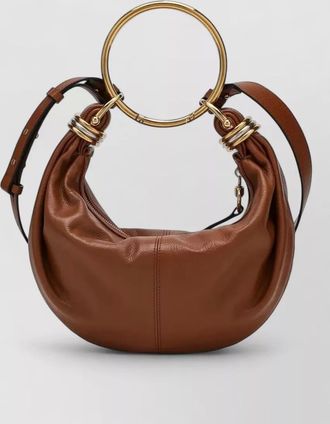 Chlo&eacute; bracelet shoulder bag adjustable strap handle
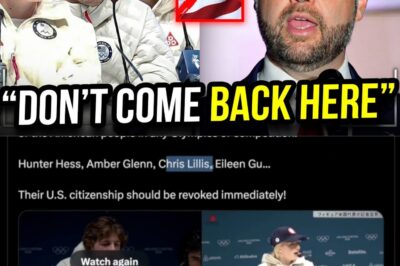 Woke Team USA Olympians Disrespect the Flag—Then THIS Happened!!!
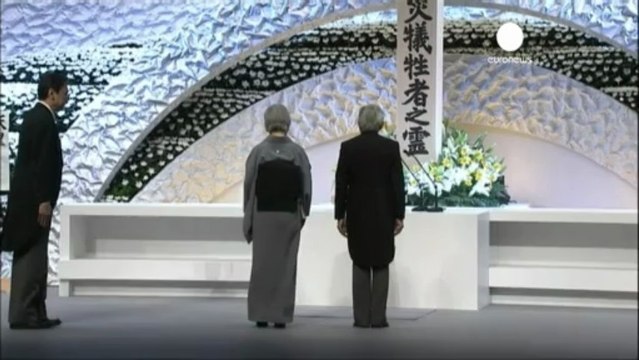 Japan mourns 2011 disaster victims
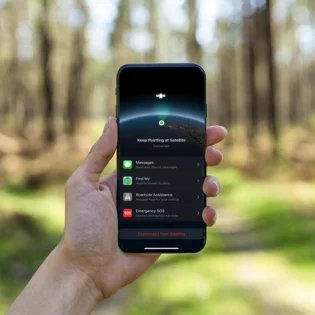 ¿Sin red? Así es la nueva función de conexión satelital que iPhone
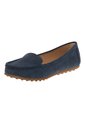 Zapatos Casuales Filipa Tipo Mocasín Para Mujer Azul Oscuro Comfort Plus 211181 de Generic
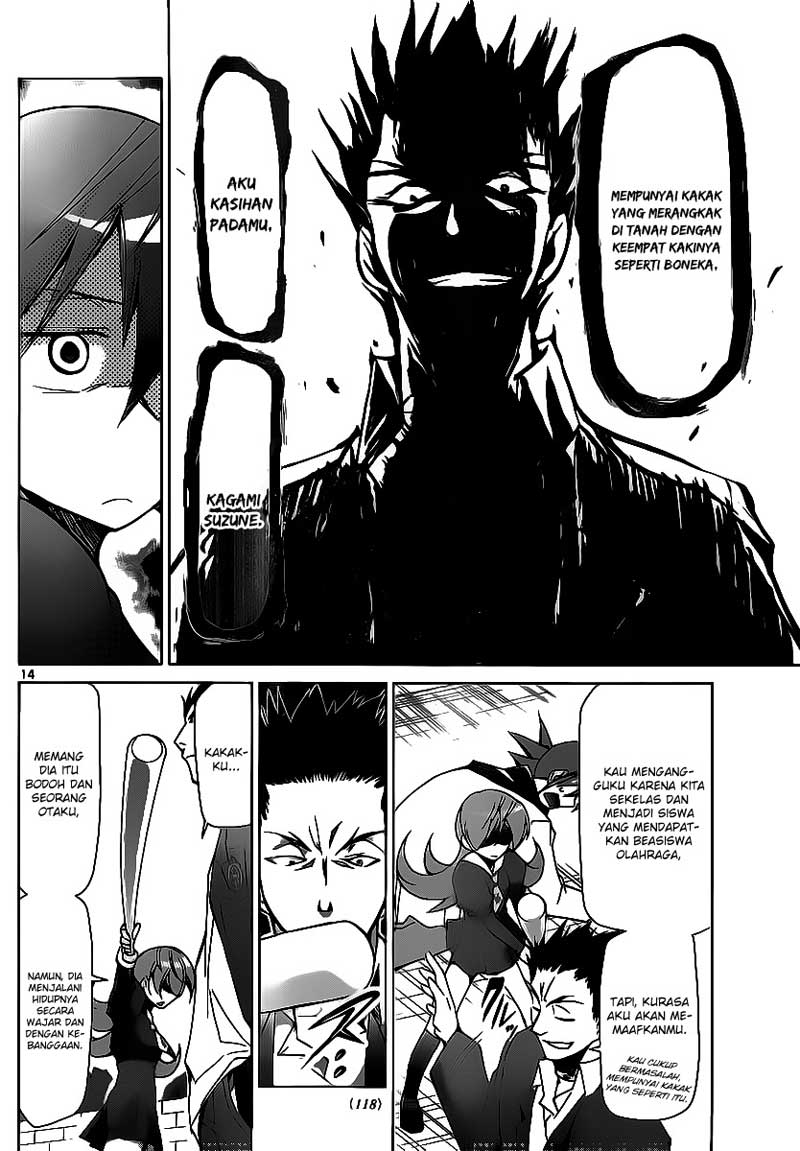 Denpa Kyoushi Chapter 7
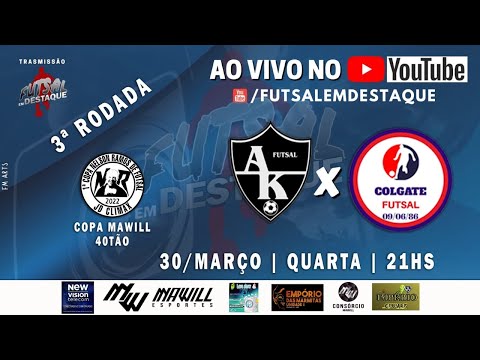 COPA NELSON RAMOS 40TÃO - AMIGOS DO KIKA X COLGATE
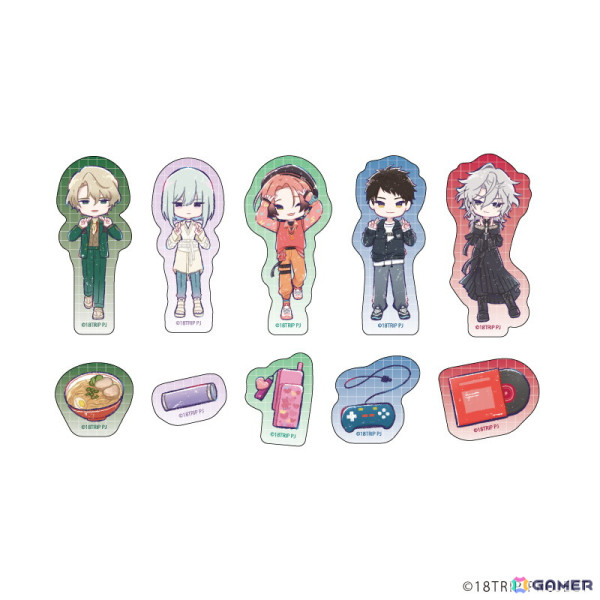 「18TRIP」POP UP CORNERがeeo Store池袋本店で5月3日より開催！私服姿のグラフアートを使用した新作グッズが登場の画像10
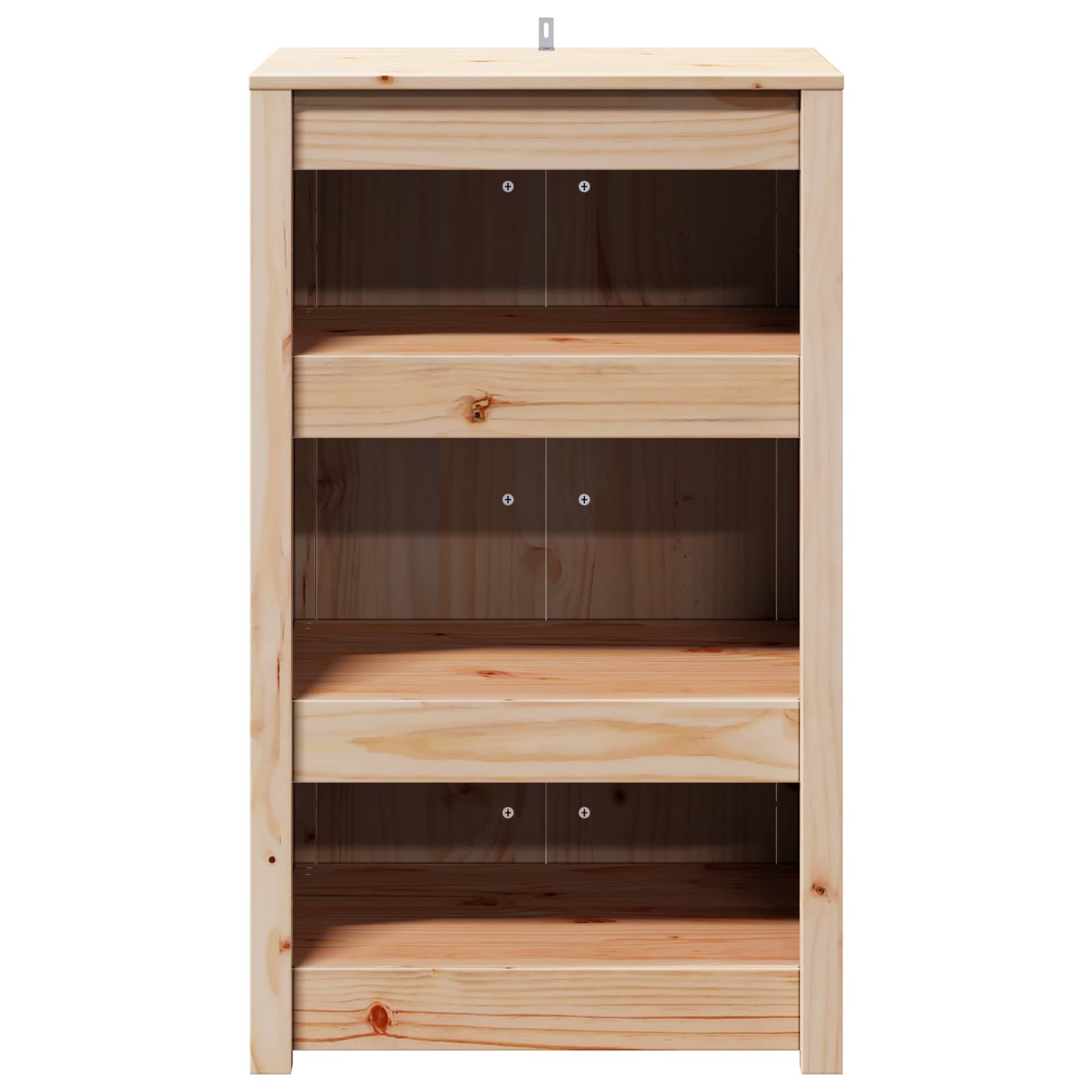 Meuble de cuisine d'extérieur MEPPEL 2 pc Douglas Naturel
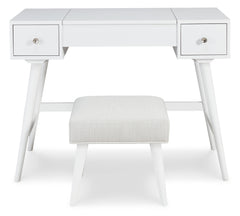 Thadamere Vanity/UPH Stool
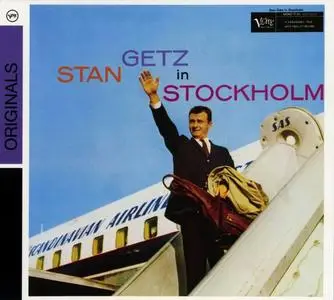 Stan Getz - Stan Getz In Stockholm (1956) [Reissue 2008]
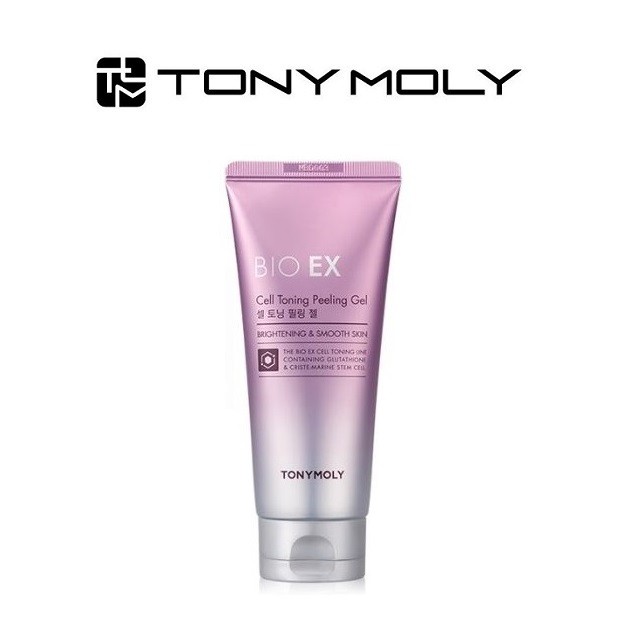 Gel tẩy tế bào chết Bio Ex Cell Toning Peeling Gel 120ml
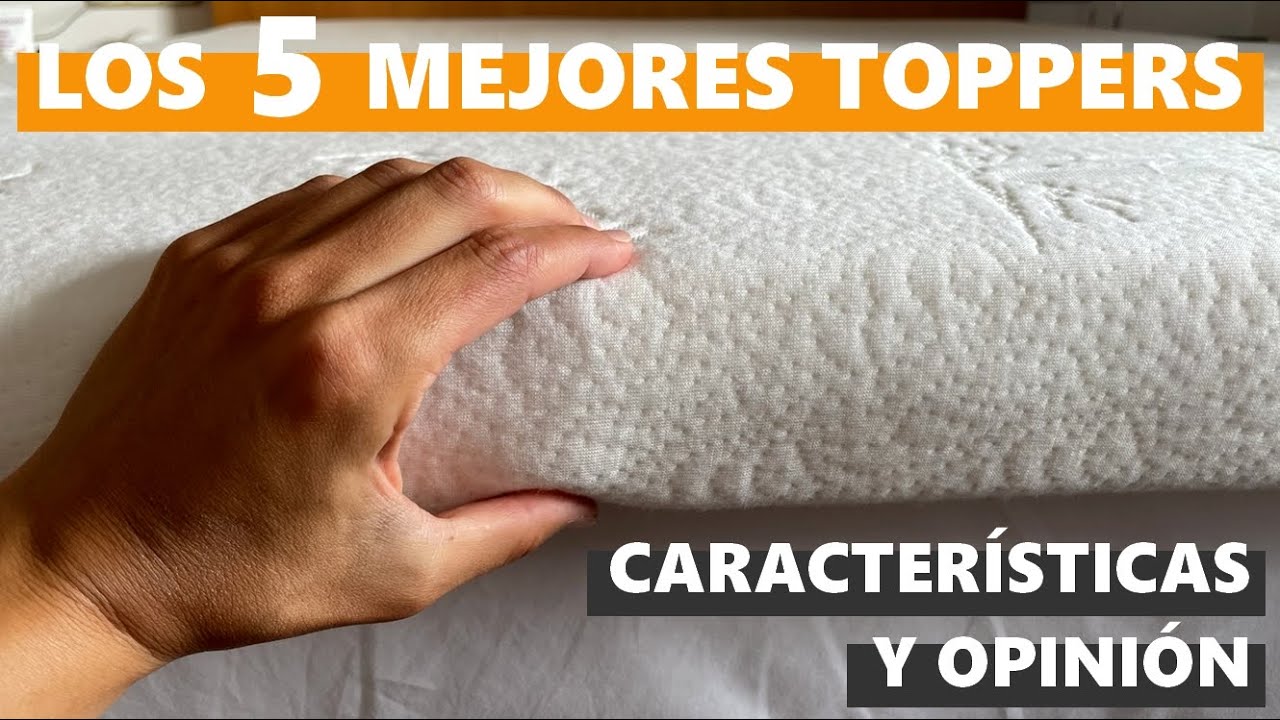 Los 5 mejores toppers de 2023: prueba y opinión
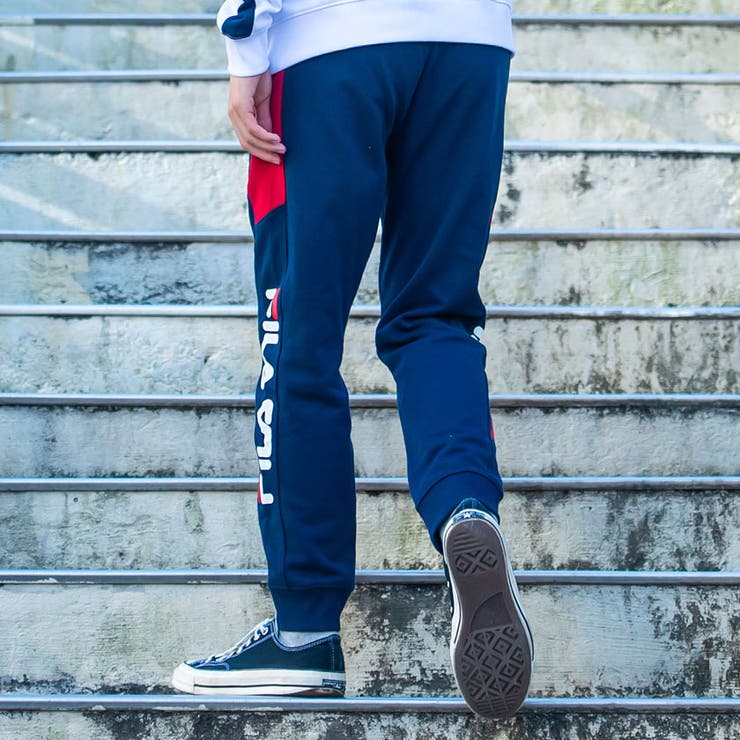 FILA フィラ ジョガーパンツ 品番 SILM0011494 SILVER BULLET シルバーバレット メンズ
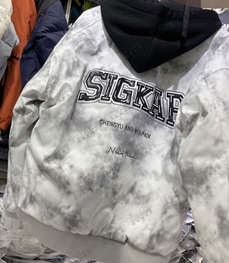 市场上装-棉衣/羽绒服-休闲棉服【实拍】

════════════════════

- [Description of the task]: Take the material above from the line bearing "Zapatos Casuales Filipa" through the line bearing "Stan Getz - Stan" and write it out exactly, both end lines included. Pictures stay out.

- [Output below]:
 Zapatos Casuales Filipa Tipo Mocasín Para Mujer Azul Oscuro Comfort Plus 211181 de Generic
 Denpa Kyoushi Chapter 7
 COPA NELSON RAMOS 40TÃO - AMIGOS DO KIKA X COLGATE
 「18TRIP」POP UP CORNERがeeo Store池袋本店で5月3日より開催！私服姿のグラフアートを使用した新作グッズが登場の画像10
 Meuble de cuisine d'extérieur MEPPEL 2 pc Douglas Naturel
 Thadamere Vanity/UPH Stool
 Stan Getz - Stan Getz In Stockholm (1956) [Reissue 2008]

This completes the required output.